More than one million people have been forced from their homes by the ongoing conflict in South Sudan, the UN says.

Of these, 803,200 have been displaced within the country, and another 254,000 have fled to neighbouring countries, according to the latest UN report.

It warns that the situation is likely to get worse as the violence continues.

Fighting erupted between the forces of President Salva Kiir and troops loyal to his former deputy, Riek Machar, in December.

The two sides signed a ceasefire agreement in January, but sporadic fighting has continued.

Food security

In its report, the UN Office for the Coordination of Humanitarian Affairs (OCHA) said the conflict had caused “a serious deterioration in the food security situation” leaving around 3.7 million people at high risk.

“Fighting between government and opposition forces has continued, especially in Jonglei, Unity and Upper Nile state, where towns and rural areas have been ravaged by the violence,” it added.
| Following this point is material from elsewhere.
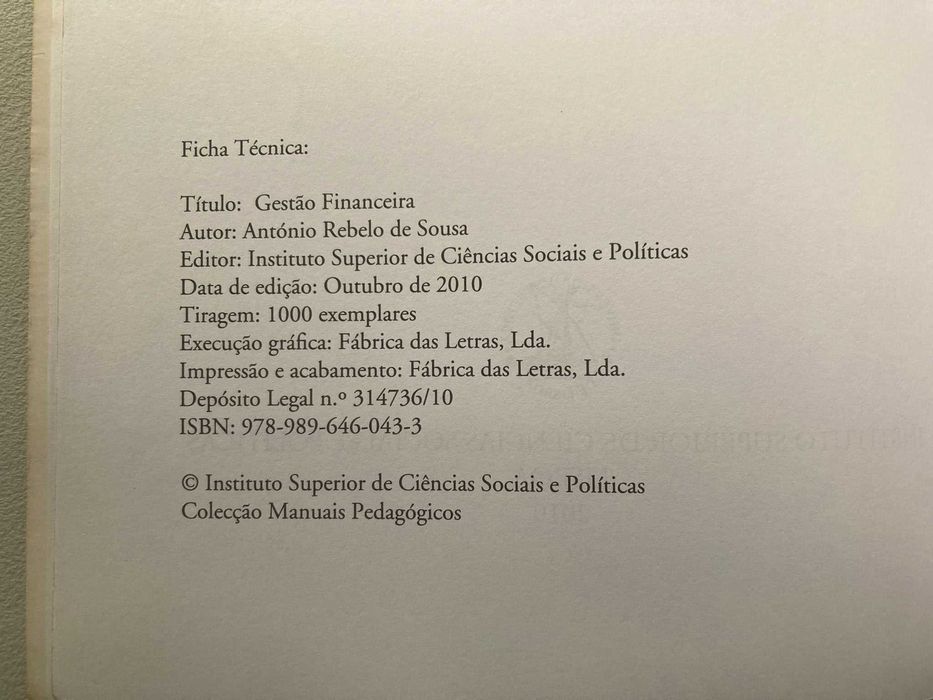 Gestão Financeira, de António Rebelo de Sousa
The UN estimates that 4.9 million are in need of humanitarian assistance, but it warned that “the remote and dispersed placement sites make it difficult to reach many of South Sudan’s conflict-affected people”.

South Sudanese refugees who fled the recent violence in South Sudan and crossed the border into northern Uganda on 6 January 2014
Many also fled to Kenya, Sudan or Uganda, while those in South Sudan are sheltering in UN bases

In its report, the UN says it has received only a quarter of the money it needs to respond to the growing crisis.

The violence erupted on 15 December between pro-government forces loyal to President Salva Kiir and soldiers backing Riek Machar, his former vice-president.

President Kiir is a member of South Sudan’s largest ethnic group, the Dinka, while Mr Machar is from the Nuer community – the country’s second largest.

The conflict has seen reports of mass killings along ethnic lines even though both men have prominent supporters in their rival’s community. Thousands are feared to have died since the conflict began.

Four top South Sudanese politicians have since gone on trial accused of plotting a coup against the government and inciting an insurgency in South Sudan.

South Sudan seceded from Sudan in 2011 after a long and bloody conflict, to become the world’s newest state.